The definition of $X$ as a random variable according to Wiki is as follows:
$Let (\Omega, \mathcal{F}, P)$ be a probability space and $(E, > \mathcal{E})$ a measurable space. Then an $(E, \mathcal{E})$-valued random variable is a function $X\colon \Omega \to E$ which is $(\mathcal{F}, \mathcal{E})$-measurable. The latter means that, for every subset $B\in\mathcal{E}$, its preimage $X^{-1}(B)\in > \mathcal{F}$ where $X^{-1}(B) = \{\omega : X(\omega)\in B\}$. This definition enables us to measure any subset B in the target space by looking at its preimage, which by assumption is measurable.
And for real-valued random variables:
In this case the observation space is the real numbers. Recall, $(\Omega, \mathcal{F}, P)$ is the probability space. For real observation space, the function $X\colon \Omega \rightarrow > \mathbb{R}$ is a real-valued random variable if:
$\{ \omega : X(\omega) \le r \} \in \mathcal{F} \qquad \forall r \in > \mathbb{R}$.

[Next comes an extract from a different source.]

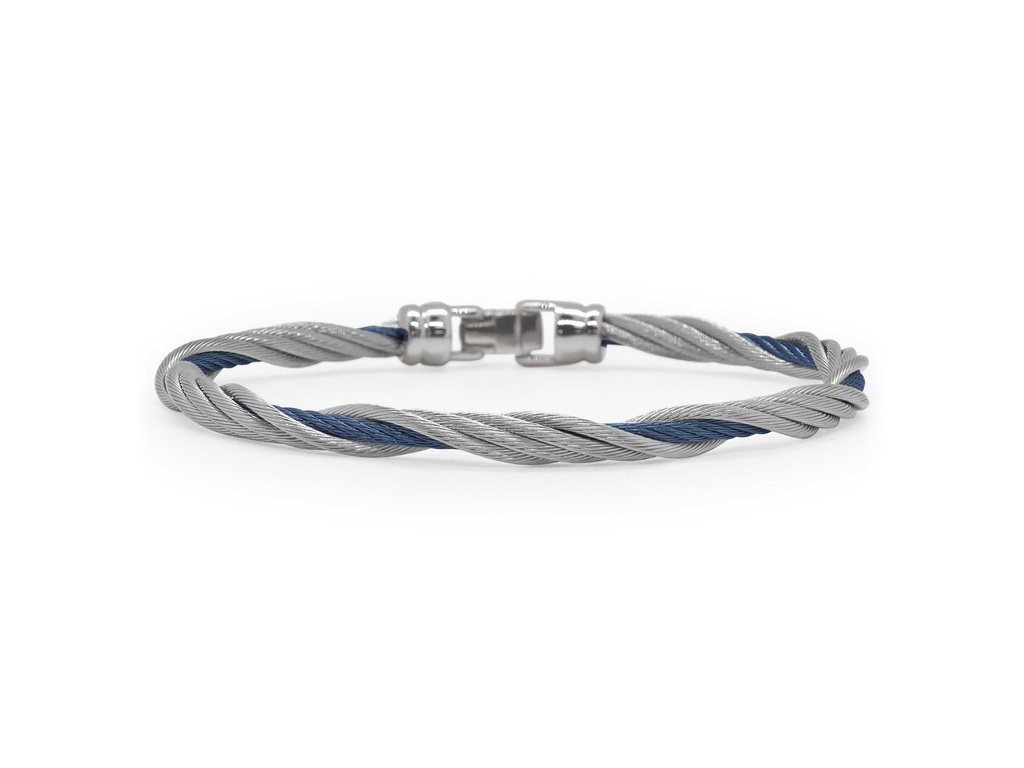 Navy And Grey Nautical Cable Twisted Bracelet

Now in statistics and fields alike, they introduce random variables like $X \sim p(x)$ where $p(x)$ is a probability distribution. My question is if you say that $X\sim p(x)$ and $Y\sim p(x)$ how can these two represent two different random variables (like two different standard normal random variables) when they are sampled from the same $p(x)$, viz. how should you translate this to the formal measure theoretic definition that could differentiate between these two?